ESG (environmental, social and governance) investing has been a hot topic over the last couple of years. In fact, ESG funds now account for 10% of all worldwide fund assets.
But as an investor, how do you determine where and how to invest with an ethical strategy? Read on for everything you need to know about ESG investing.
ESG investments are on the rise
According to a report from Reuters, during 2021, $649 billion poured into ESG-focused funds. This represents an increase of more than $107 billion invested in 2020.
Meanwhile, Bloomberg suggest that global ESG assets are expected to exceed $53 trillion by 2025. This represents more than a third of the $140.5 trillion in projected total assets under management around the world.
What is ESG?
Before you can decide what approach may be suitable for you, take some time to consider the types of ESG issues you care about most.

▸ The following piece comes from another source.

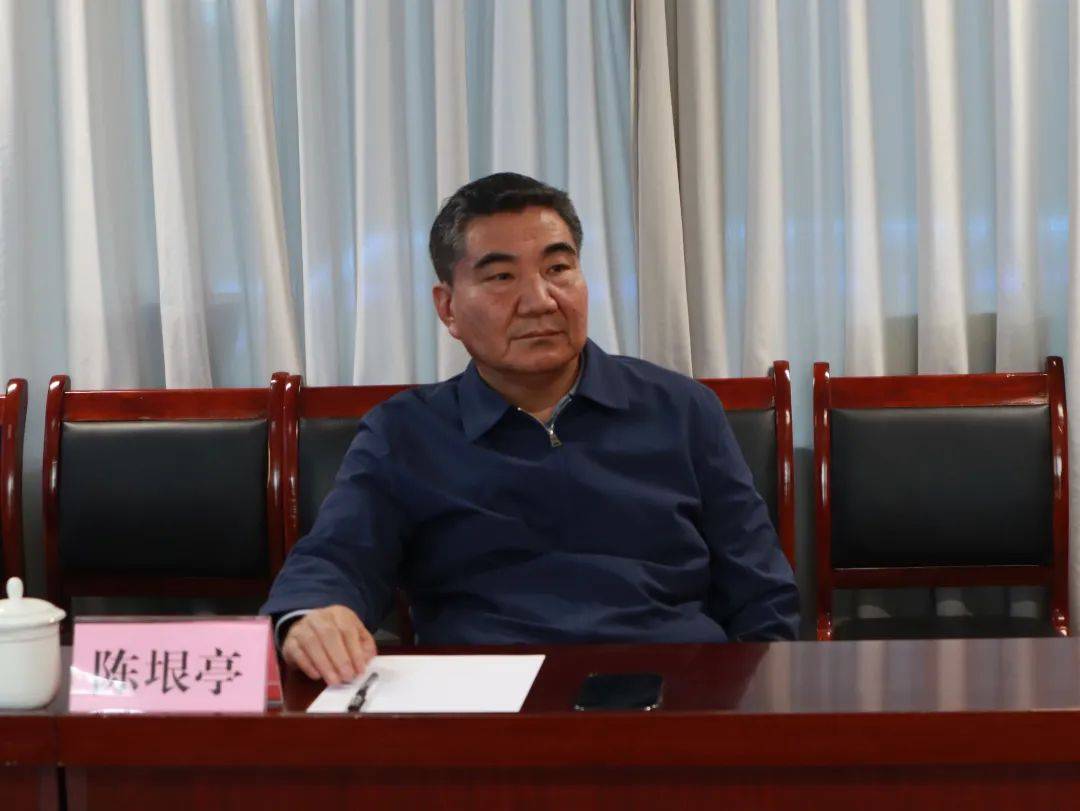 河南省教育厅副厅长、一级巡视员陈垠亭到学会、协会调研指导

To help with this, here's how the “E”, “S”, and “G” break down.
E is for environmental
Environmental factors consider conservation of the natural world, such as how much waste a company produces in their manufacturing process.
S is for social
Social factors focus on the way people are treated both inside and outside a company. This could include employee diversity or how well a company pays their staff.
G is for governance
Governance is all about how a company is run. An example of good governance would include a company whose board members were made up of a diverse mix of race and gender.
To expand on this, here are some of the other considerations that apply:
|Carbon emissions||Employee gender and diversity||Diversity of board members|
|Air and water pollution||Data security||Political contributions|
|Deforestation||Customer satisfaction||Executive pay|
|Green energy initiatives||Company sexual harassment policies||Large-scale lawsuits|
|Waste management||Human rights at home and abroad||Internal corruption|
|Water usage||Fair labour practices||Voting rights|
Due to the wide-ranging elements of ESG, responsible investing is highly subjective.

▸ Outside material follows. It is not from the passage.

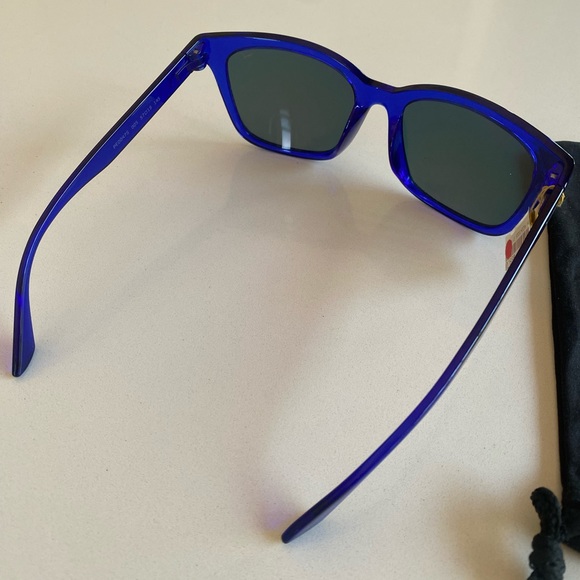 Puma sunglasses brand new with tag. - Picture 4 of 4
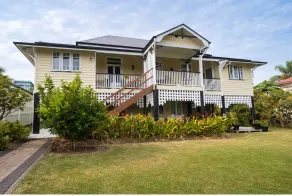 Hilltop Overlooking Esplanade with Beach Views - Image 2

What matters most to you may be less important to someone else. This means that even when an investment opportunity is promoted as “ethical”, “sustainable”, or “responsible”, they may not end up matching your own ethics or investment criteria.
If you’re investing as a couple, make sure you discuss your values and beliefs. This will help you agree on your investment strategy and ensure your money is invested in a way that suits the values you each hold.
How are companies rated for ESG?
Public companies disclose ESG information voluntarily, so weighing up how ethically a company may be run can lead to material differences.
Fund managers rate companies based on ESG business practices, and their decisions may use positive screening or negative screening.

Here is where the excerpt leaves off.